Seberapa Penting Menggunakan Helm Saat Bersepeda?

Sri Yanti Nainggolan    •    Minggu, 21 Aug 2016 11:05 WIB
kesehatan
Seberapa Penting Menggunakan Helm Saat Bersepeda?
(Foto: goodwin)

Metrotvnews.com, Jakarta: Sebuah studi di Amerika Serikat mengungkapkan, bahwa helm sepeda, meskipun mendapat banyak kritik karena tak cukup protektif, ternyata dapat mengurangi risiko cedera otak traumatik berat (TBI) sebanyak 50 persen.

Para peneliti melaporkan dalam American Journal of Surgery bahwa pengendara yang menggunakan helm cenderung memiliki kemungkinan kecil untuk kehilangan nyawanya akibat terluka, atau mengalami luka pada tulang wajah dibandingkan mereka yang tidak menggunakan.

"Ini seperti menggunakan sabuk pengaman. Menggunakannya tidak menjamin Anda tak akan mengalami kecelakaan, namun bisa mengurangi risiko terluka atau meninggal karena kecelakaan," kata Dr Jerri Rose, seorang dokter darurat pediatrik di University Hospitals 'Rainbow Babies and Children Hospital di Cleveland, Ohio.

Berdasarkan laporan Pusat Pengendalian dan Pencegahan Penyakit (CDC), jutaan orang di Amerika Serikat mengendarai sepeda, namun kurang dari setengahnya tidak memakai helm. terdapat sekitar 900 kematian dari sekitar 494 ribu kunjungan ke Unit Gawat Darurat karena kecelakaan sepeda pada 2013.

Para peneliti menganalisa catatan dari 6.267 orang yang mengalami pendarahan pada bagan tengkorak akibat kecelakaan sepeda pada tahun 2012 menggunakan data dari Bank Data Trauma Nasional American College of Surgeons.

Seperempat dari korban telah menggunakan helm saat kecelakaan terjadi dan setengah dari korban memiliki cedera otak traumatis yang parah. Sementara 3 persen meninggal.

Para peneliti menemukan bahwa orang yang memakai helm memiliki risiko 52 persen lebih rendah terkena TBI parah dan 44 persen lebih rendah mengalami kematian, dibandingkan mereka yang tidak menggunakan helm.

Pengendara dengan helm juga memiliki kemungkinan 31 persen lebih rendah mengalami patah tulang wajah karena bagian atas dari wajah, terutama di sekitar mata, itu yang paling terlindungi. Namun, helm kurang bersifat protektif pada bagian wajah di bawah, seperti hidung dan rahang.

Selain itu, orang-orang yang mengenakan helm mengurangi kemungkinan untuk menjalani operasi otak.
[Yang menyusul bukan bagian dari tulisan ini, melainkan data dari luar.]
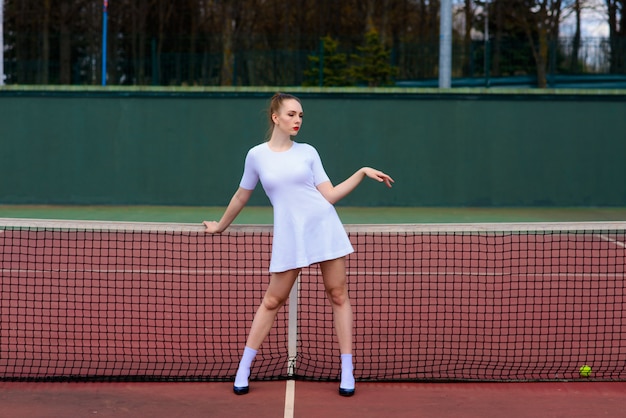 Foto racchetta di tennis sexy della tenuta del tennis della ragazza sulla corte. la giovane donna sta giocando a tennis.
"Penggunaan helm selalu kontroversial. Para kritikus berpendapat helm sepeda yang didesain lengkap tidak ada guna karena tidak melindungi pengendara saat terluka parah," ungkap rekan penulis studi Dr Asad Azim, seorang peneliti di departemen Bedah di Universitas Arizona di Tucson.
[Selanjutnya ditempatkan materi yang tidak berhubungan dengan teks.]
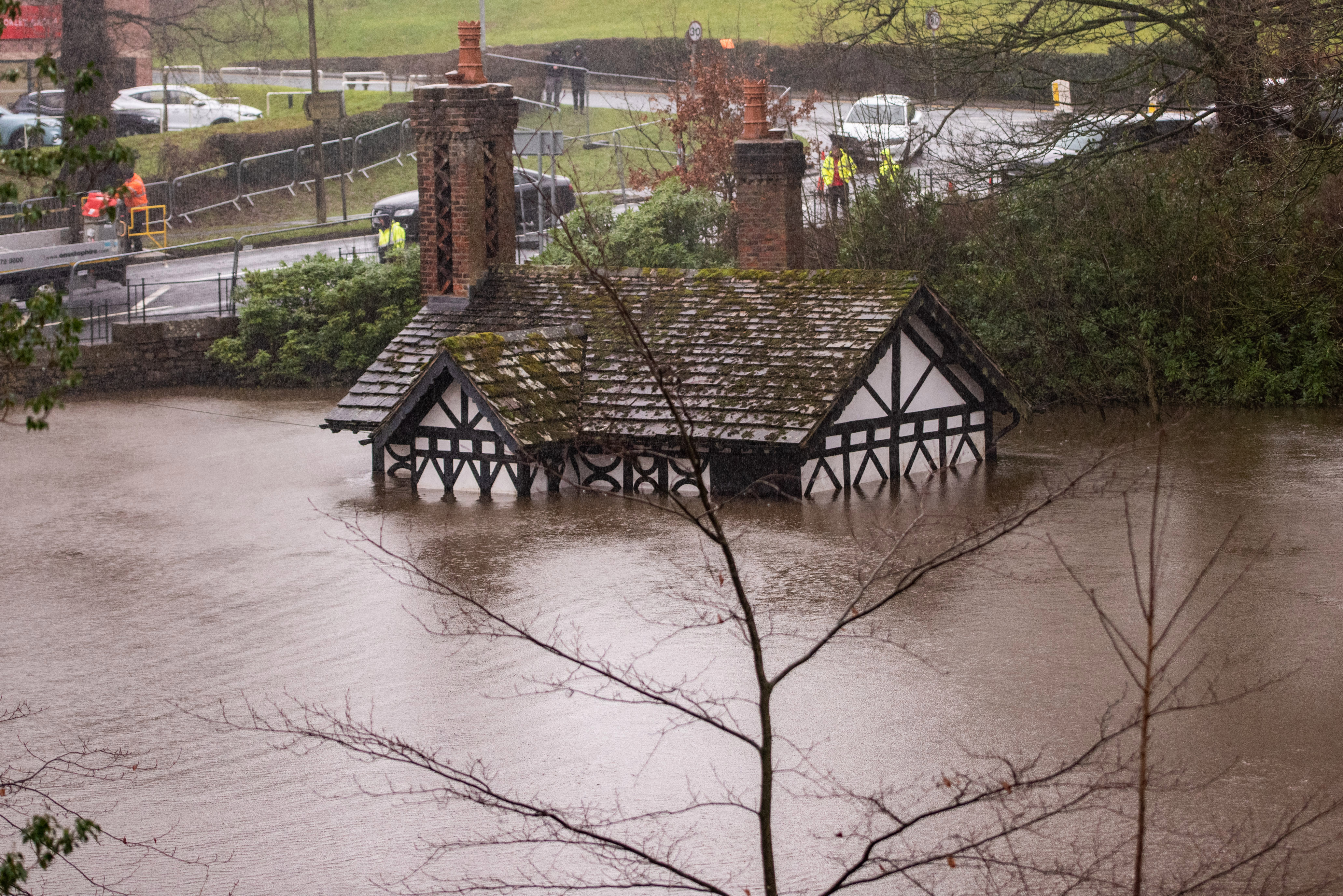 Council workers attempt to pump out water from the flooded Ackhurst Lodge in Chorley, Lancs, this morning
Namun, ternyata tidak demikian. Pengendara sepeda berhelm ternyata membuat warna kulit lebih cerah, untuk para wanita.

Sementara itu, data menunjukkan bahwa mereka yang berusia 60-70 tahun adalah yang paling senang menggunakan helm. Sementara hal sebaliknya terjadi pada kelompok usia 10-20 tahun.

"Remaja menganggap helm ini tidak keren. Padahal, mulai menggunakannya secepat mungkin sangat penting, kalau bisa saat sudah bisa mengendarai, agar menjadi rutinitas" tambahnya.